Give the data again exactly, without its images.

### [Information supplied]
━━━━━━━━━━━━━━━━━━━━
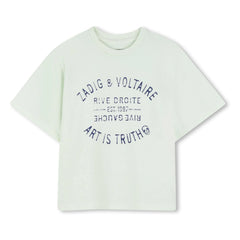 Zadig & Voltaire - Art Is Truth Soluk Logolu Tişört | Sol yeşil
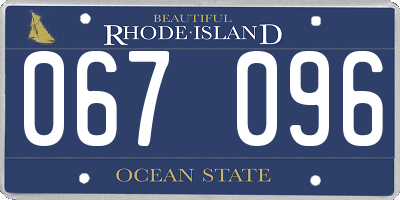 RI license plate 067096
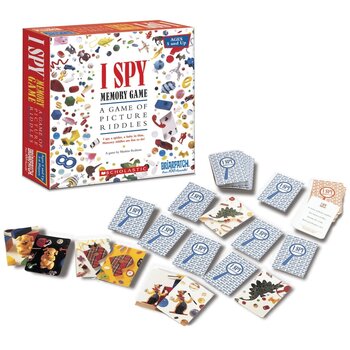 University Games I SPY Memory Game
━━━━━━━━━━━━━━━━━━━━
### [Exercise response]
 Zadig & Voltaire - Art Is Truth Soluk Logolu Tişört | Sol yeşil
 RI license plate 067096
 University Games I SPY Memory Game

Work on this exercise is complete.